They put the fire out but she lay on the ground for a long time before she disappeared. Trying to find a date at the moment.

Don


----------



## Captian Dag (Oct 26, 2008)

I want to say 1960's but could be early 70's. I believed it happened just below the Greater New Orleans twin bridges right in front of the "river walk". There was an artical a few years back about oil seeping from the hulk causing a sheen on the river. I can't find any reference to this but I'll keep trying.


----------



## Smuggler (May 26, 2010)

Captian Dag said:


> I want to say 1960's but could be early 70's. I believed it happened just below the Greater New Orleans twin bridges right in front of the "river walk". There was an artical a few years back about oil seeping from the hulk causing a sheen on the river. I can't find any reference to this but I'll keep trying.

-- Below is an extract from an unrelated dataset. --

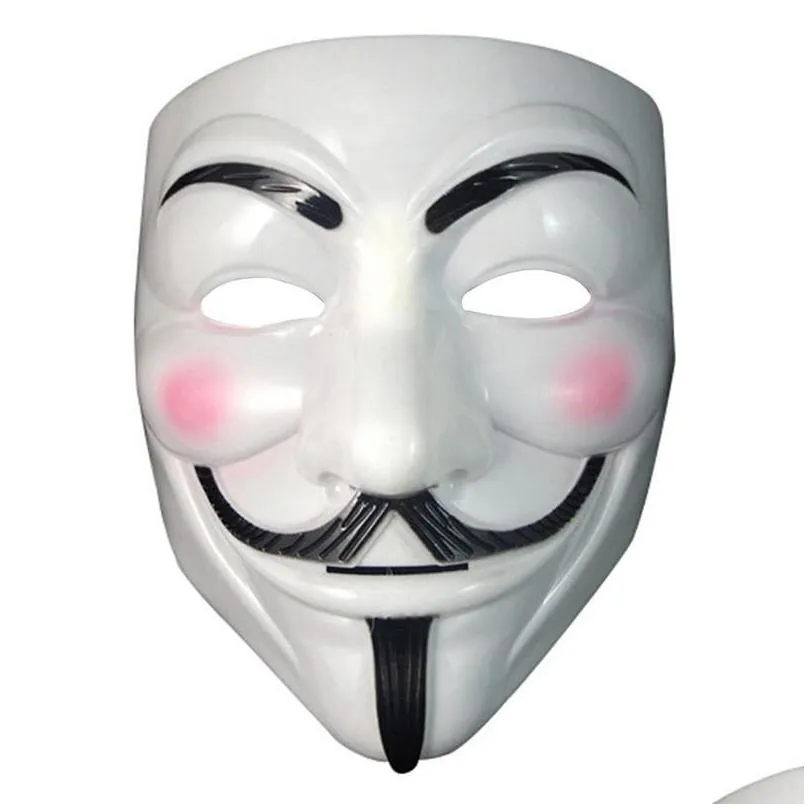50pcs v mask for vendetta yellow mask with eyeliner nostril anonymous guy fawkes fancy adult costume halloween mask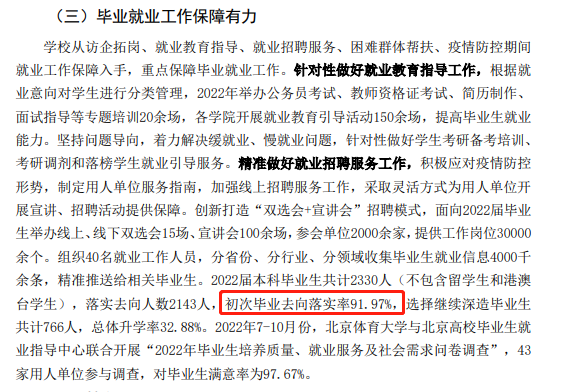 北京体育大学就业率及就业前景怎么样,好就业吗?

It was the Union Faith.. details are here http://www.iosc.org/papers/01863.pdf


----------



## Don Matheson (Mar 13, 2007)

Dont think this is the ship I saw, I am sure the one I watched was an engines aft job and not so near New Orleans. She was close to the Levi and people were moved incase she blew up due to a dangerous cargo.
Dates are about right though.

Don


----------



## Captian Dag (Oct 26, 2008)

God Bless you, Smuggler. that is it. Thanks.


----------



## Jim Sutton (Jul 28, 2007)

Might have been the AFRICAN STAR.

http://www.uscg.mil/hq/cg5/cg545/docs/boards/africanstar.pdf


----------



## cueball44 (Feb 15, 2010)

Silverbriar/Andria/Union Faith. There are some photographs and info in the Gallery.(Thumb)


----------